# Problem requirements
Each line from the one with "Canada Mean Maximum" through the end of the records below should be transcribed exactly, and each picture should be skipped.

# Extracted material
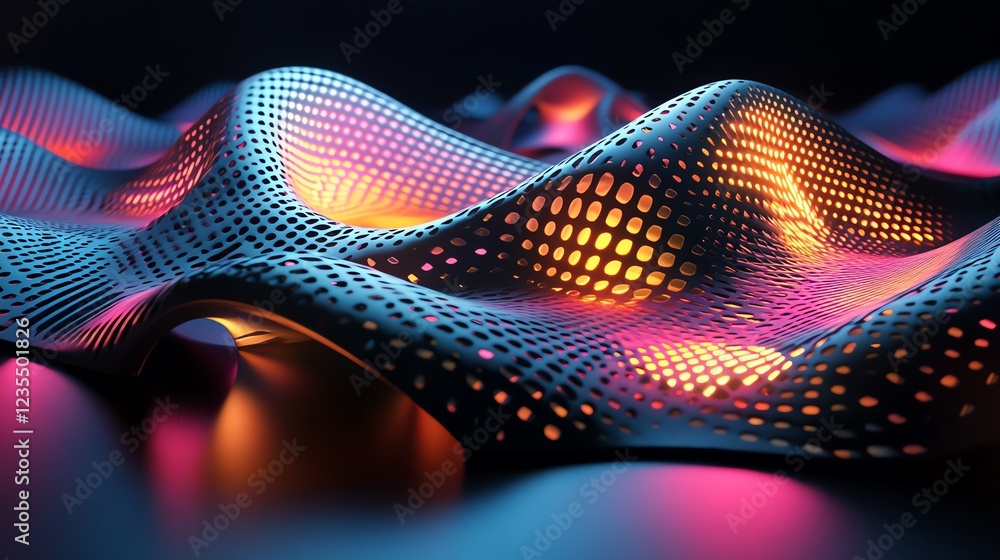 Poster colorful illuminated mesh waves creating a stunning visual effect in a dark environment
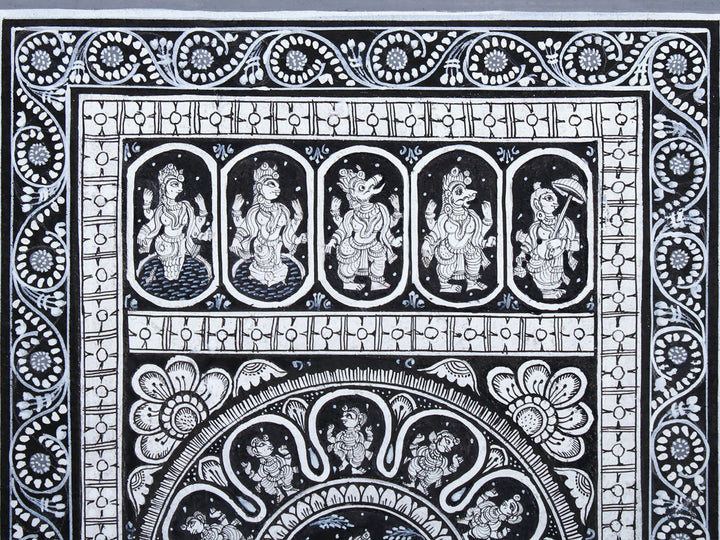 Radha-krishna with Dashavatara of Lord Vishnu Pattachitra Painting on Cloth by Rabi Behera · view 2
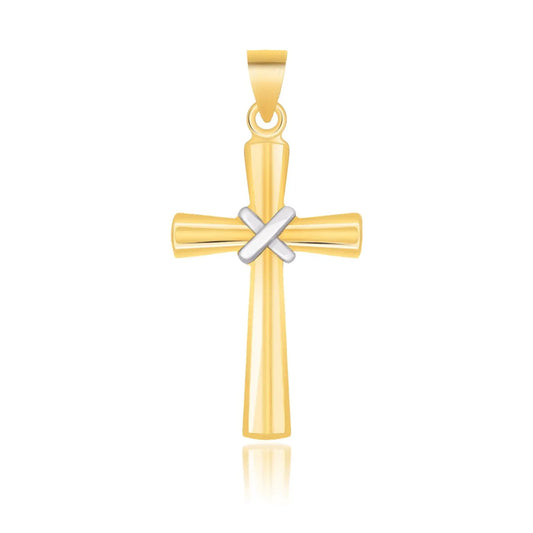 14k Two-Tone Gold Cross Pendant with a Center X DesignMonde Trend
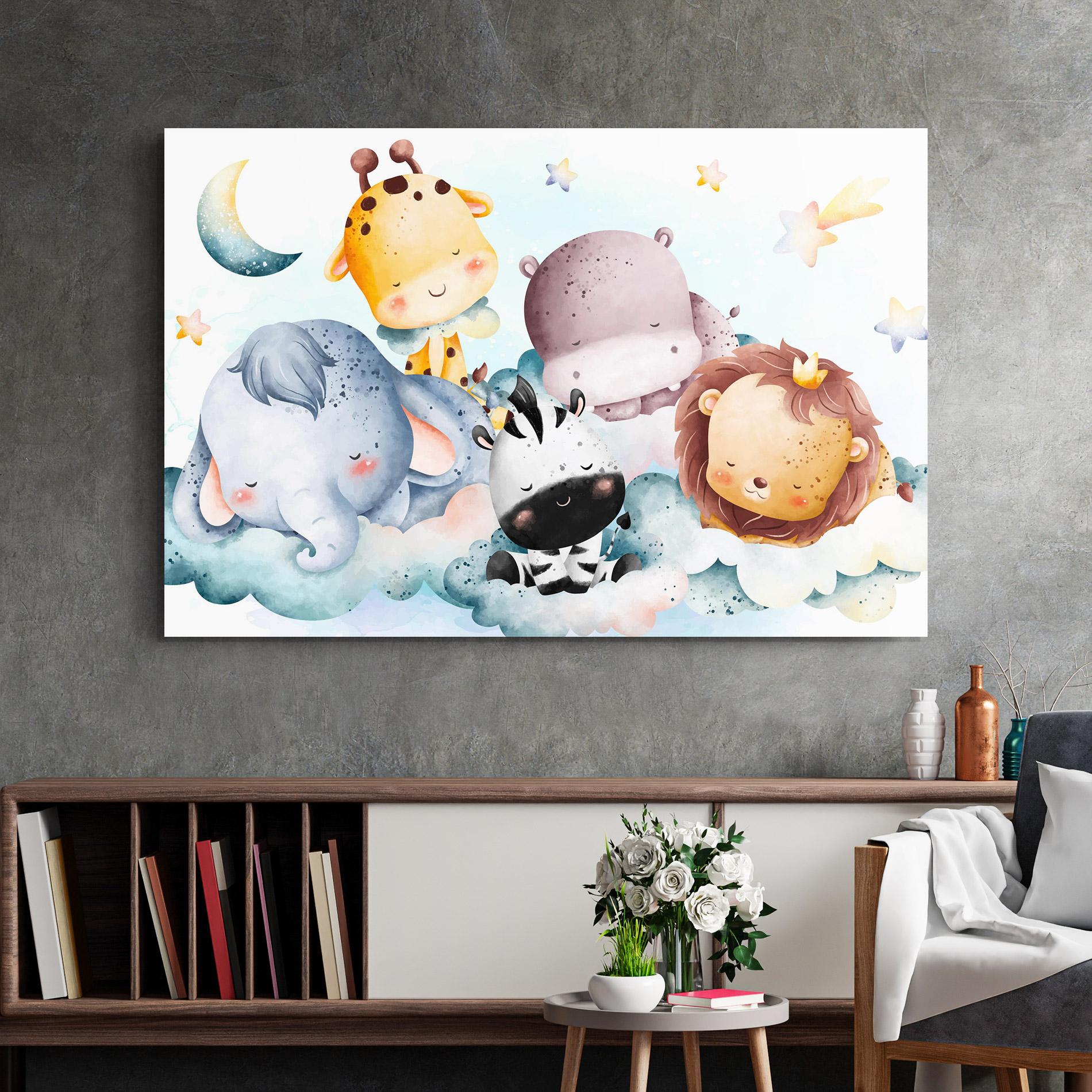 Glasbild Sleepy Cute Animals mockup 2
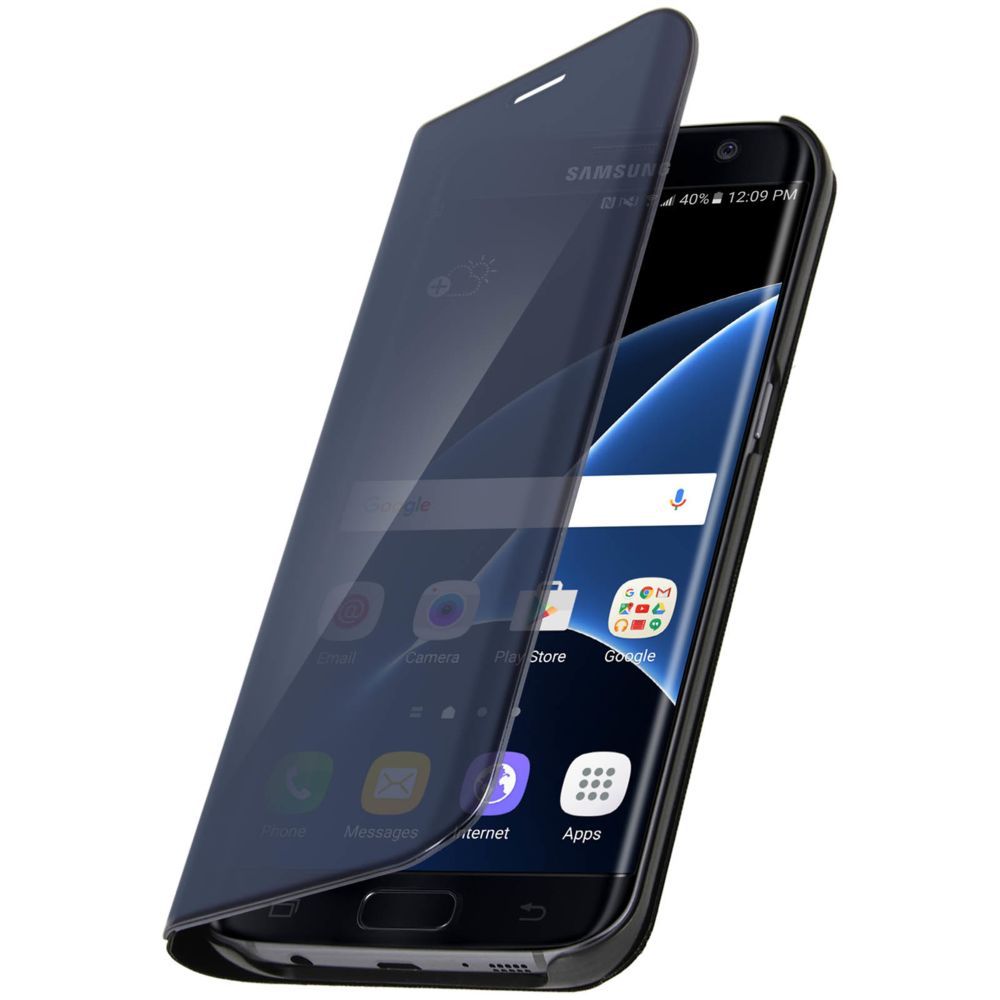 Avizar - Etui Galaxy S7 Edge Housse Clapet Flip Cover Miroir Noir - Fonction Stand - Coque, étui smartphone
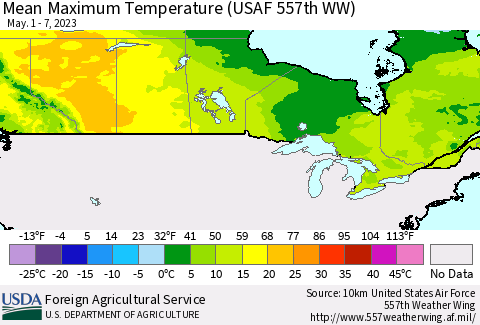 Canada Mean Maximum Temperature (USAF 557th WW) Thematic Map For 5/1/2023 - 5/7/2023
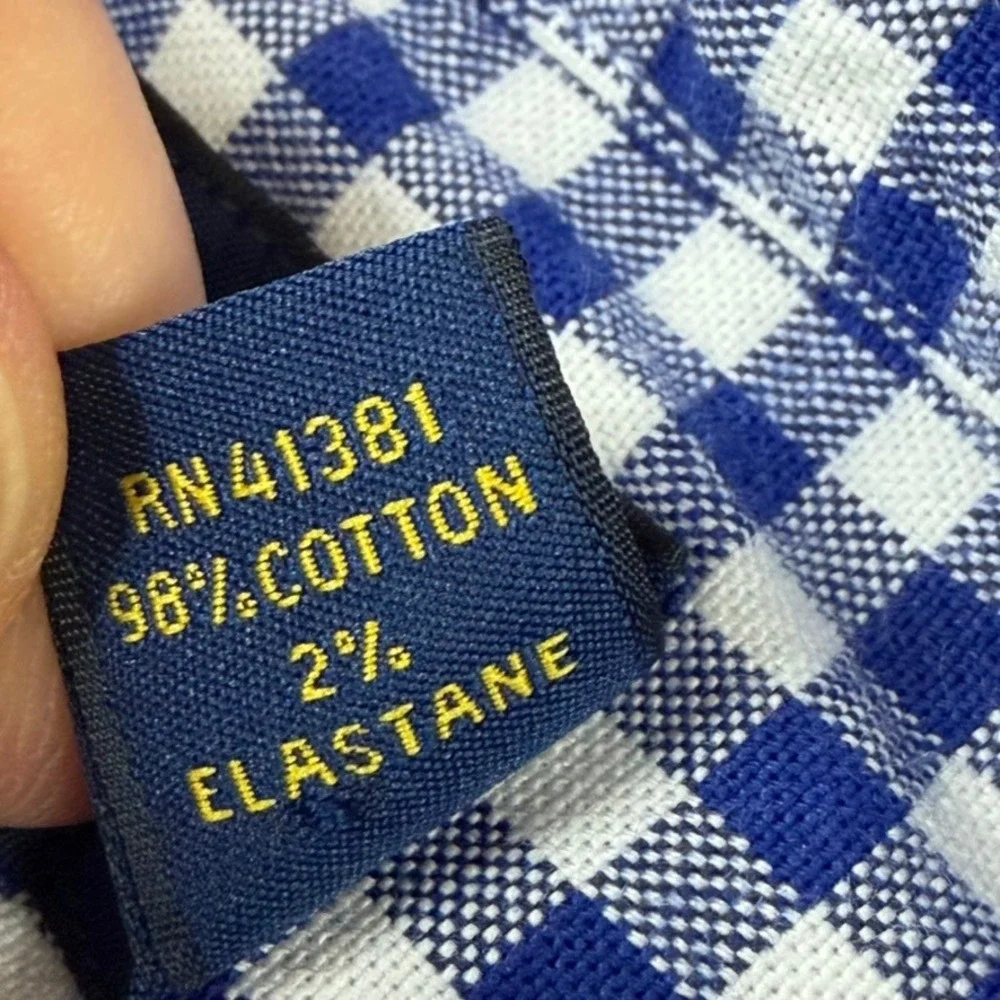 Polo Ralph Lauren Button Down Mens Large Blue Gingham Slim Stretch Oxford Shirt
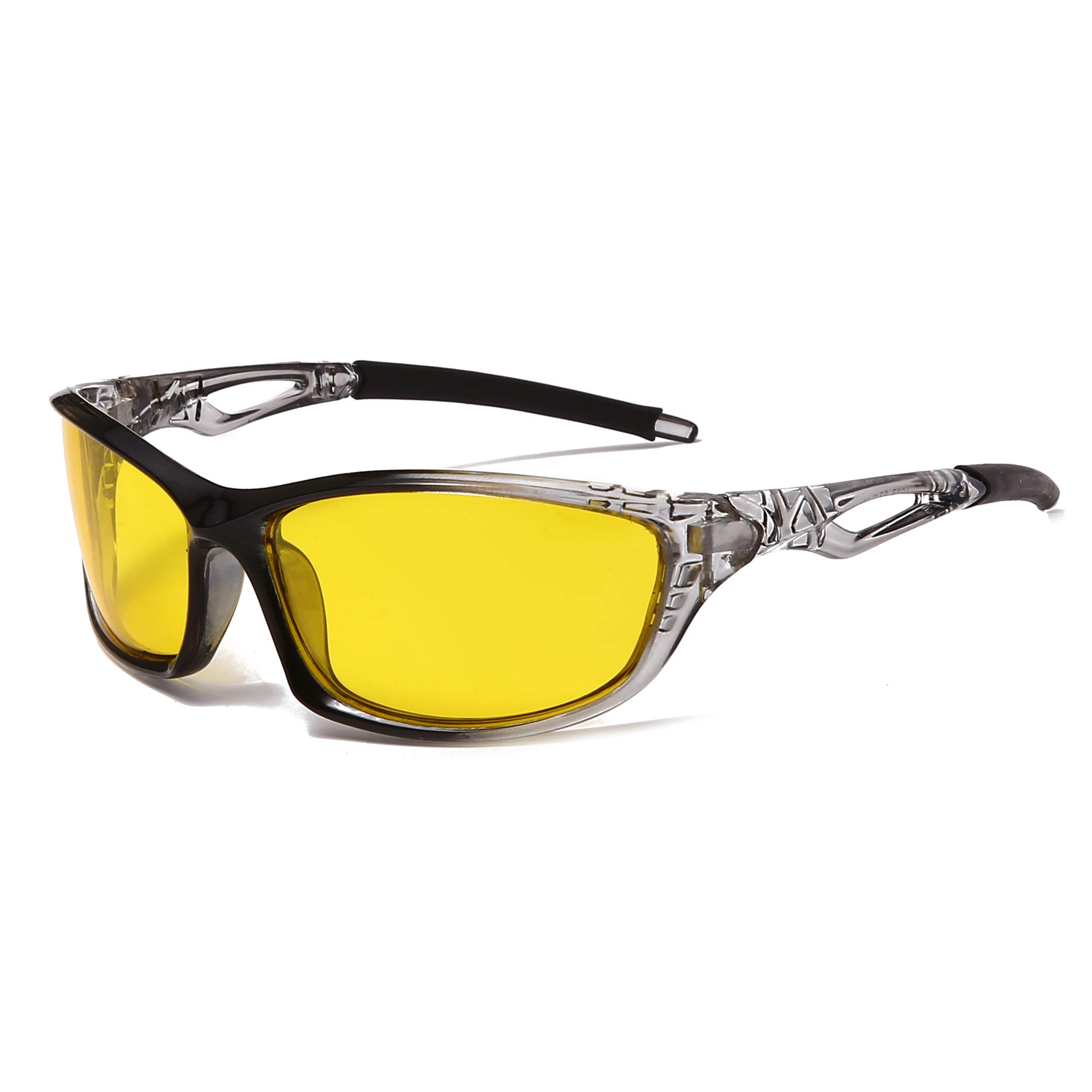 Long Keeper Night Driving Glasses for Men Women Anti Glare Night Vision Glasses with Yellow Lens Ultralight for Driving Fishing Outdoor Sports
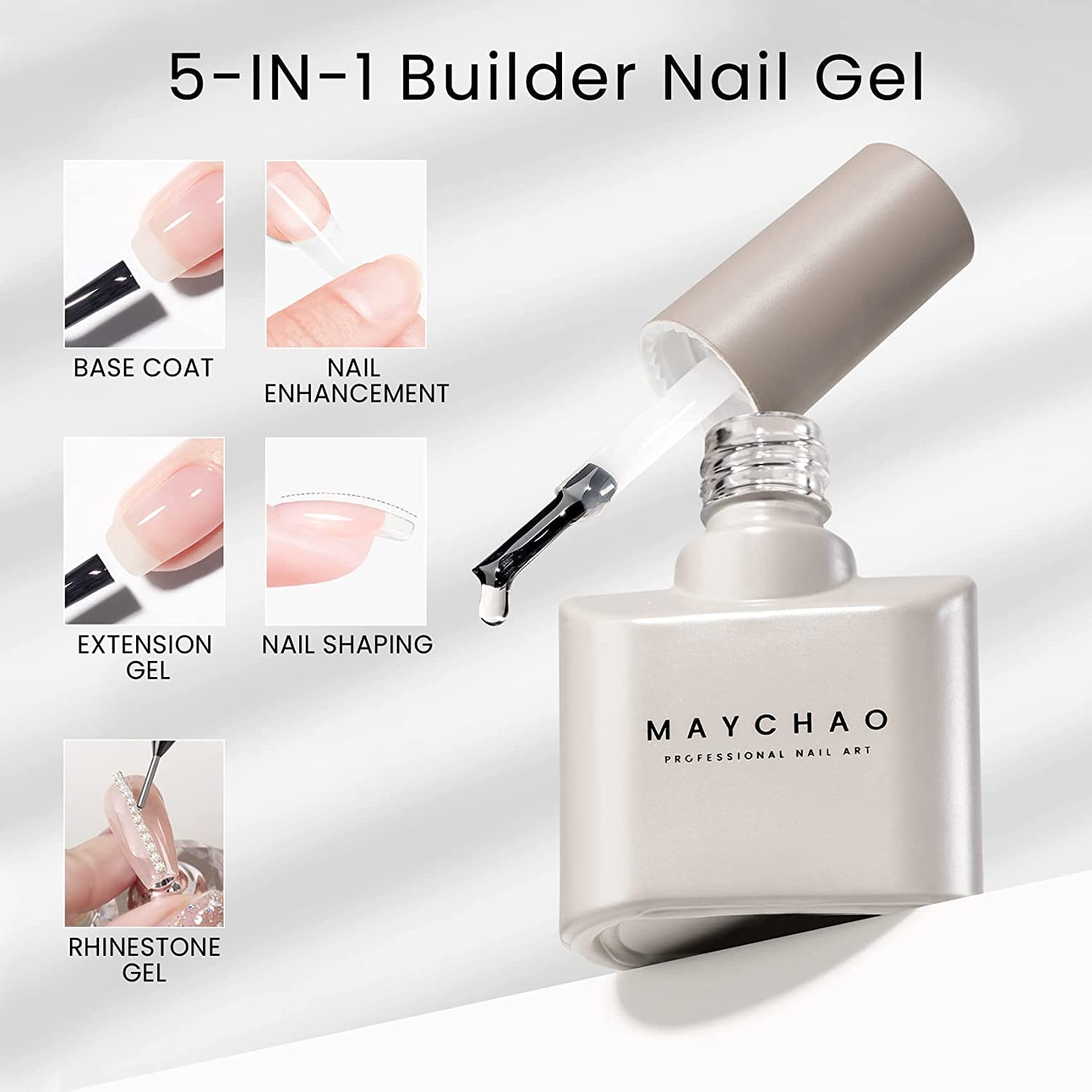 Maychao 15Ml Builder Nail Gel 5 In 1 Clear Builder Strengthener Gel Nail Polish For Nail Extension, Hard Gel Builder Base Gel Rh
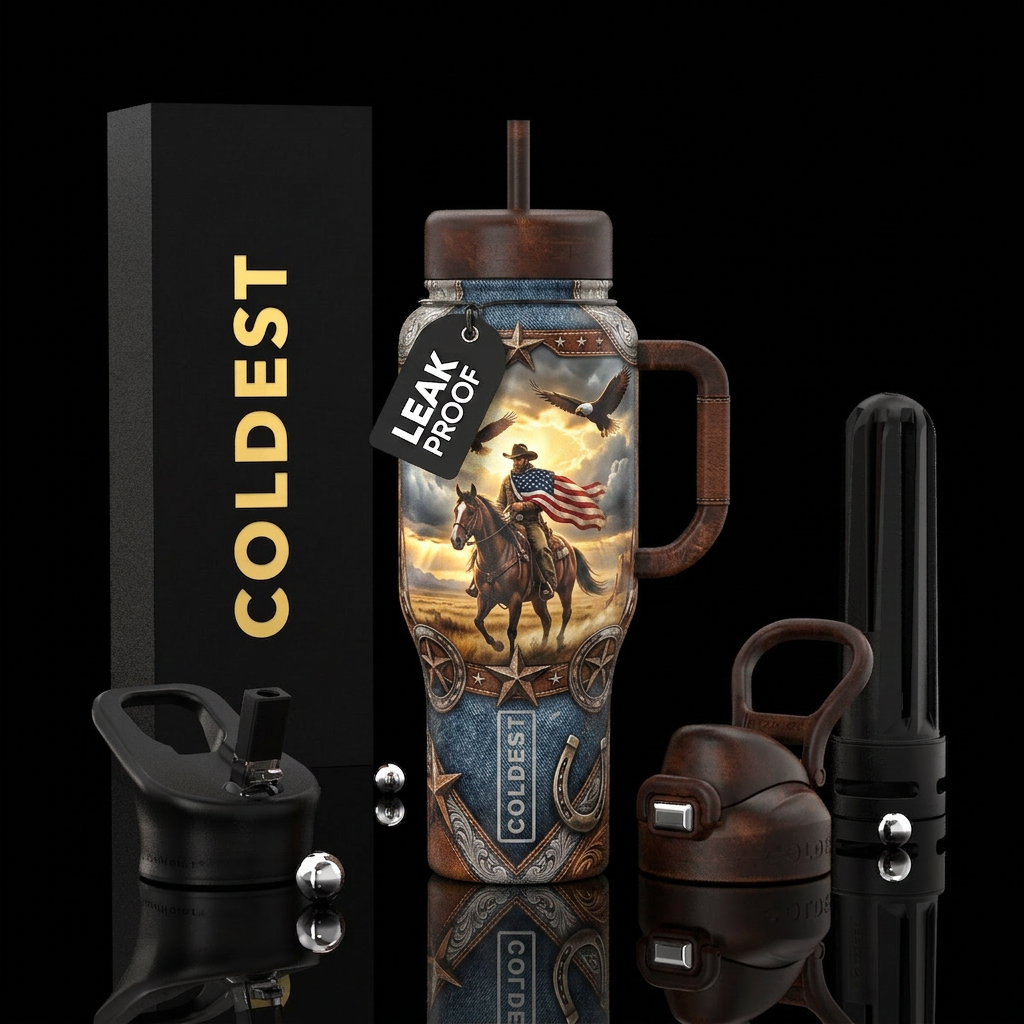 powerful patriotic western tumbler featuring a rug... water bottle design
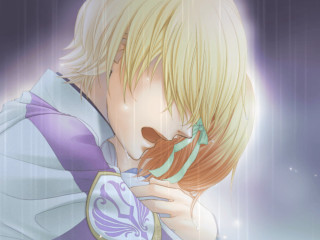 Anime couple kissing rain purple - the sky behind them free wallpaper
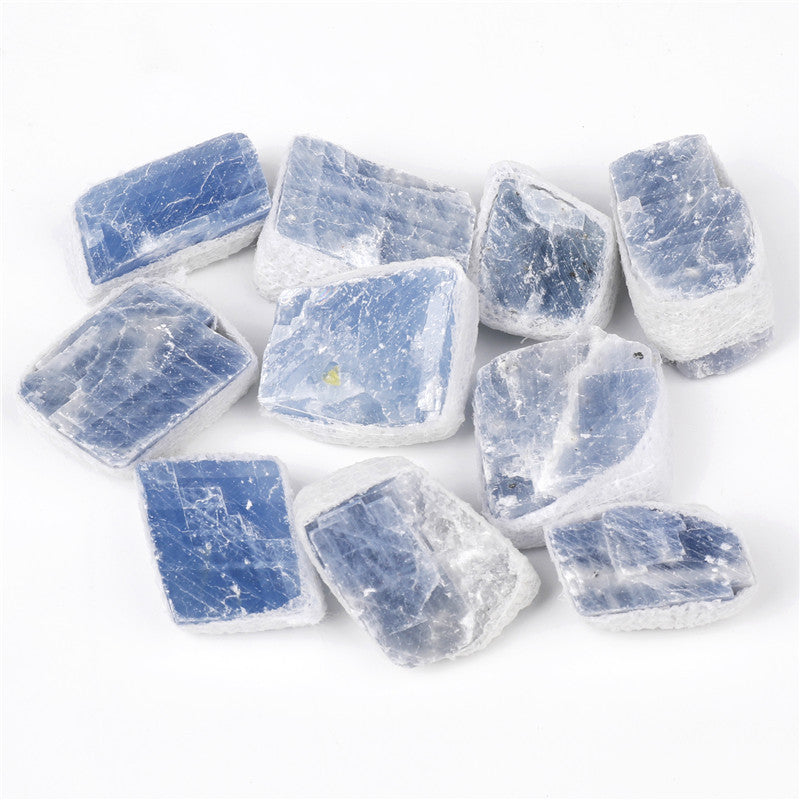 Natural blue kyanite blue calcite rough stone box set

# Written reply
 Canada Mean Maximum Temperature (USAF 557th WW) Thematic Map For 5/1/2023 - 5/7/2023
 Polo Ralph Lauren Button Down Mens Large Blue Gingham Slim Stretch Oxford Shirt
 Long Keeper Night Driving Glasses for Men Women Anti Glare Night Vision Glasses with Yellow Lens Ultralight for Driving Fishing Outdoor Sports
 Maychao 15Ml Builder Nail Gel 5 In 1 Clear Builder Strengthener Gel Nail Polish For Nail Extension, Hard Gel Builder Base Gel Rh
 powerful patriotic western tumbler featuring a rug... water bottle design
 Anime couple kissing rain purple - the sky behind them free wallpaper
 Natural blue kyanite blue calcite rough stone box set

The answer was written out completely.